## [REQUIRED ACTION]
Retype, word for word, each line between the lines holding "665 Fountainhead Way Naples FL 34103" and "57 Seatuck Avenue Eastport, NY 11941", inclusive, and leave the rest of the data alone.

## [SOURCE MATERIAL]
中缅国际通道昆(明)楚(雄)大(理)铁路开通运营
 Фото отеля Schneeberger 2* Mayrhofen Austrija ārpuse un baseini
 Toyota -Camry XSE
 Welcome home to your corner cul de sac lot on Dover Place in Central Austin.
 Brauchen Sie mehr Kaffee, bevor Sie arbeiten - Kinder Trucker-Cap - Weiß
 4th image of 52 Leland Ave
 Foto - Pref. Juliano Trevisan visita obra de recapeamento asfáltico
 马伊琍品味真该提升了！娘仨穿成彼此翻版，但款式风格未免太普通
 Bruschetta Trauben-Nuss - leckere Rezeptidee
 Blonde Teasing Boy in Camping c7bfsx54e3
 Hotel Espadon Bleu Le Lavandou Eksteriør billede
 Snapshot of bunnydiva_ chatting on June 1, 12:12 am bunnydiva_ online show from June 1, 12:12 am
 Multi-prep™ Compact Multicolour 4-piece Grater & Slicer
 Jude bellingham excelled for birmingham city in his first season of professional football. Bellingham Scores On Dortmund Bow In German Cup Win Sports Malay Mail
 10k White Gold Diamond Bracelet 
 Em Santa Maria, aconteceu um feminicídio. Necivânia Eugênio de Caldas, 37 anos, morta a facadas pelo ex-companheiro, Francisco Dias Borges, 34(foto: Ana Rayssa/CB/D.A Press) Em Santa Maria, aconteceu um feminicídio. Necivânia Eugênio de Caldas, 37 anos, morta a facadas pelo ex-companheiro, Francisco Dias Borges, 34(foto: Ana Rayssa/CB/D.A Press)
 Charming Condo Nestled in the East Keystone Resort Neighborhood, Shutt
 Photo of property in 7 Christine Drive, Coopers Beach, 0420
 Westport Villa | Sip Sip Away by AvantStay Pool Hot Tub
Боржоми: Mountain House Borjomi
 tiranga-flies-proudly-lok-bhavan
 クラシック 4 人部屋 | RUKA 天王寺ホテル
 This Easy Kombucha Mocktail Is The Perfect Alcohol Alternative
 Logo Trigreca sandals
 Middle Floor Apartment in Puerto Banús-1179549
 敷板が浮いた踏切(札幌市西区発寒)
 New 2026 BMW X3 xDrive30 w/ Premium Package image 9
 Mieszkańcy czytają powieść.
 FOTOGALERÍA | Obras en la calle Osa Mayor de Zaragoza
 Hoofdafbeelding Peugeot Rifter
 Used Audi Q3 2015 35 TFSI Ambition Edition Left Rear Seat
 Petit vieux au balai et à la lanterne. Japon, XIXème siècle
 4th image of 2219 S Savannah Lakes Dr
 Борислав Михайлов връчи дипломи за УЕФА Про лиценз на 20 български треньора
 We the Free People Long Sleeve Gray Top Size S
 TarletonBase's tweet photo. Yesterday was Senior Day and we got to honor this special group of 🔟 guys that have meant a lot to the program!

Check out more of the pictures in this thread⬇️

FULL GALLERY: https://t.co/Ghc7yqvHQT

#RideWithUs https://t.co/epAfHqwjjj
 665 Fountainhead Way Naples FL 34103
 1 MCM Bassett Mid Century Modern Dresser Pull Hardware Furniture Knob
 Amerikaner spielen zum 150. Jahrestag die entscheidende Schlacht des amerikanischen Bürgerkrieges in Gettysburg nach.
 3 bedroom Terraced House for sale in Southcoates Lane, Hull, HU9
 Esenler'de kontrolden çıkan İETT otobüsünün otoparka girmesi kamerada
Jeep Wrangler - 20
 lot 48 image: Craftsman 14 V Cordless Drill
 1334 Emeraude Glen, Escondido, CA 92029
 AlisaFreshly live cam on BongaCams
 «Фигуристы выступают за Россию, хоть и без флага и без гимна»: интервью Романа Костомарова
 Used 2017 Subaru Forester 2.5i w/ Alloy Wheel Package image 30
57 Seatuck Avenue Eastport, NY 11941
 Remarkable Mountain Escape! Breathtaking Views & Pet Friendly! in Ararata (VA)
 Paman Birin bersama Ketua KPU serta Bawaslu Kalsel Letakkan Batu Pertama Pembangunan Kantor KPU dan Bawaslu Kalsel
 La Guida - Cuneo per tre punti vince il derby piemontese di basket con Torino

## [OUTPUT BELOW]
 665 Fountainhead Way Naples FL 34103
 1 MCM Bassett Mid Century Modern Dresser Pull Hardware Furniture Knob
 Amerikaner spielen zum 150. Jahrestag die entscheidende Schlacht des amerikanischen Bürgerkrieges in Gettysburg nach.
 3 bedroom Terraced House for sale in Southcoates Lane, Hull, HU9
 Esenler'de kontrolden çıkan İETT otobüsünün otoparka girmesi kamerada
Jeep Wrangler - 20
 lot 48 image: Craftsman 14 V Cordless Drill
 1334 Emeraude Glen, Escondido, CA 92029
 AlisaFreshly live cam on BongaCams
 «Фигуристы выступают за Россию, хоть и без флага и без гимна»: интервью Романа Костомарова
 Used 2017 Subaru Forester 2.5i w/ Alloy Wheel Package image 30
57 Seatuck Avenue Eastport, NY 11941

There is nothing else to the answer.